I used to be really good at finding reasons for things.
My favorite takeout spot was amazing last week, so I recommended it to a friend. He went and said it was just okay. I told myself, “Maybe they swapped chefs.”
A while back I was watching a match. The commentator said, “This player crushed the first round—the pressure is going to hit him in round two.” A bit later he flipped it: “This one messed up round one, so now there’s no weight on his shoulders. He’ll bounce back in round two.” Both takes sounded reasonable. But he didn’t actually know anything. He saw an outcome and invented a plausible reason for it.
You’ve probably done the same thing:
You broke your personal running record this week and decided the new shoes really do make a difference—and then the next week you dropped right back to normal. You posted something on Xiaohongshu that went off, and you thought you’d cracked the algorithm, but your next post flopped. You had an amazing first date with someone, thought you’d found your soulmate, but the second date felt awkward and you spent the night replaying which sentence you screwed up.
Every one of those judgments feels natural.
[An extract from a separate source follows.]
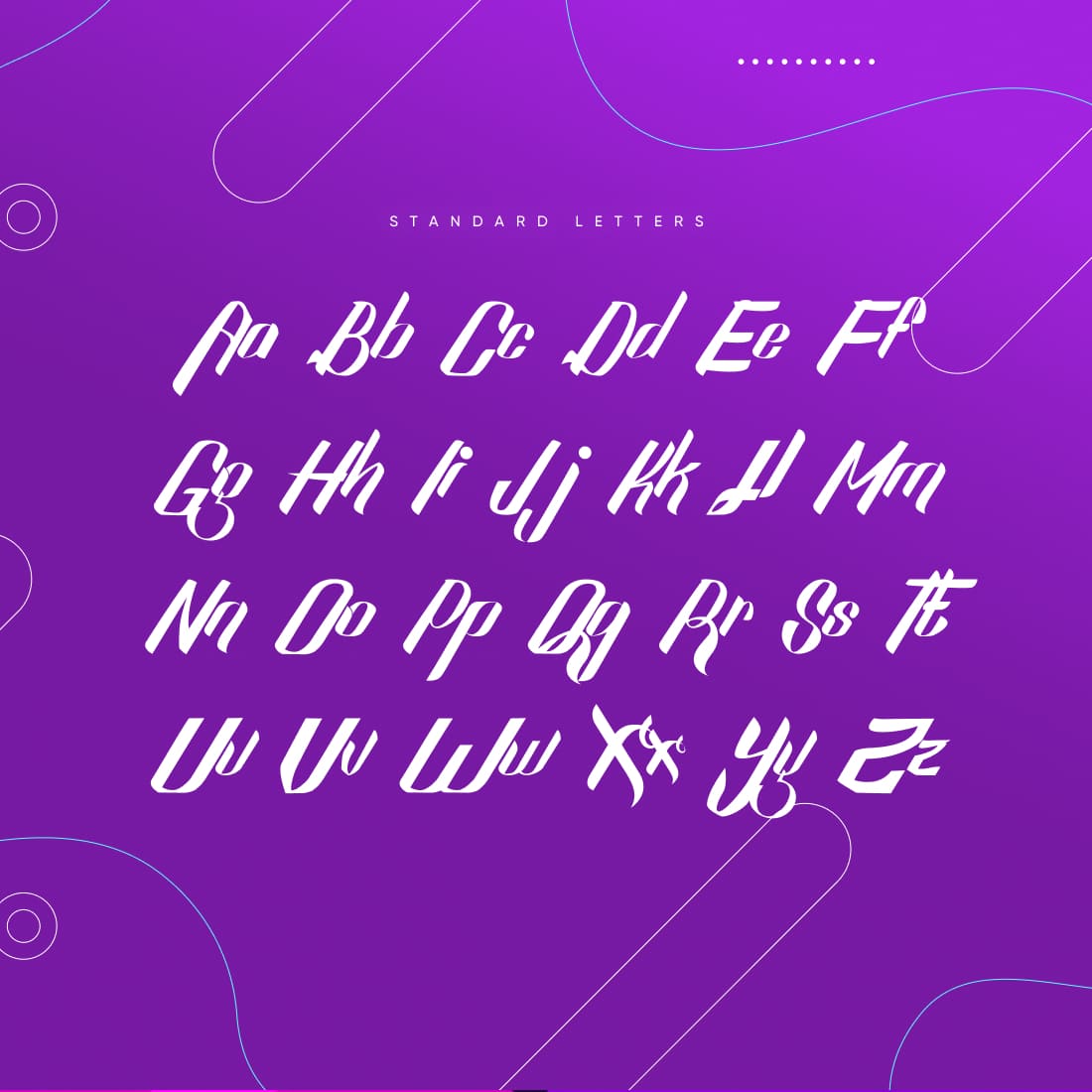 Sexy Shout Free Font MasterBundles Preview with Alphabet.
Every one of them could be wrong.
The real reason is: there is no reason. The good regresses down. The bad regresses up.
Statistics calls this regression to the mean: any extreme performance, good or bad, will automatically drift back toward the average on the next try. You don’t have to do anything. There doesn’t have to be a cause. It’s pure mathematical probability.
But we can’t stop ourselves from looking for a reason
The moment something happens, the brain automatically goes hunting for cause and effect. It isn’t a choice; it’s a reflex. The brain cannot sit with the phrase “no reason.” And regression to the mean, annoyingly, is not a “reason.” It’s just a mathematical fact.
The worst day of your cold, you drank ginger tea. Two days later you felt better. You said the ginger worked. But a cold gets better on its own. The worst day was the bottom of the curve, and from there the only direction was up. You happened to do something at the bottom; that doesn’t mean that thing fixed you.
You text someone, and they reply instantly for three days straight. You think it’s going somewhere. Day four their replies get slow, and you start dissecting whether you said too much. Maybe they were just free those three days, and got busy on day four.
You pass three rounds of interviews and feel invincible. The fourth round rejects you, and you spend the night replaying one question you think you answered badly. Maybe the interviewer was just in a flat mood that day, or someone slightly better happened to be ahead of you in line.
It isn’t that you did something that caused the change. The change was going to happen anyway. You just happened to be standing at the bend where luck turned.
Let Go of the “Why”
The world owes you an explanation, but the world isn’t going to give you one. So you make up your own.
But if we accept that things naturally fluctuate—the good regresses down, the bad regresses up—we realize we don’t need that reason at all.